Vor über drei Jahren sagte Oliver Elm anlässlich des 20-jährigen Jubiläums von Gollenstein, dessen Insolvenz er 2012 durch seinen Einstieg als neuer Gesellschafter abgewendet hatte: "Das ganze Unterfangen macht nur Sinn, wenn wir Profit machen." Weil dies seither nicht in halbwegs rentablem Maße gelungen ist, stellt Elm "schweren Herzens", wie es in einer internen Mitteilung an seine Autoren unlängst hieß, zum Jahresende den Verlag ein. Alle Versuche, den auch früher wiederholt betriebswirtschaftlich taumelnden Verlag dauerhaft zu stabilisieren, sind damit gescheitert. Nun zieht Elm die Notbremse, womit die Region ihren ehemals wichtigsten, mit den Jahren jedoch immer beliebiger gewordenen Verlag einbüßt.

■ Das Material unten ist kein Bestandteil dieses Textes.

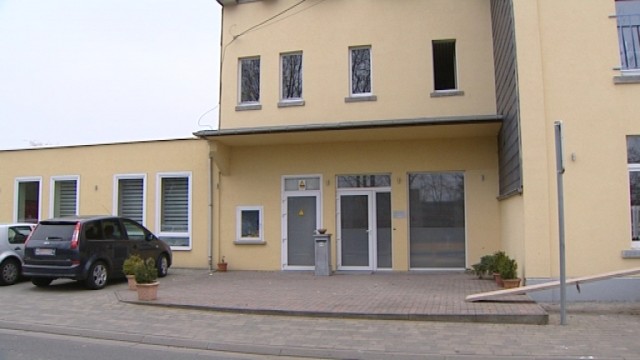 15031905 Décès d'une pensionnaire à Joncret : quelle sécurité dans les homes ?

Im Februar hatte bereits eine Äußerung der früheren Gollenstein-Autorin Alena Wagnerová hellhörig werden lassen, die anlässlich einer Lesung aus einem Buchmanuskript dessen Nichterscheinen mit dem Satz erklärt hatte: "Da es den Gollenstein Verlag nicht mehr gibt, gibt es auch dieses Buch nicht." Tags darauf erschien zwar eine Richtigstellung, dass nur der "alte" Gollenstein Verlag 2012 eingestellt worden sei, Oliver Elms Saarbrücker Datenlogistik-Firma O.E.M. das Programm aber fortführe. Doch enthielt Wagnerovás Satz eine tiefere Wahrheit. Ist Gollenstein doch schon lange kein klassischer Autorenverlag mehr.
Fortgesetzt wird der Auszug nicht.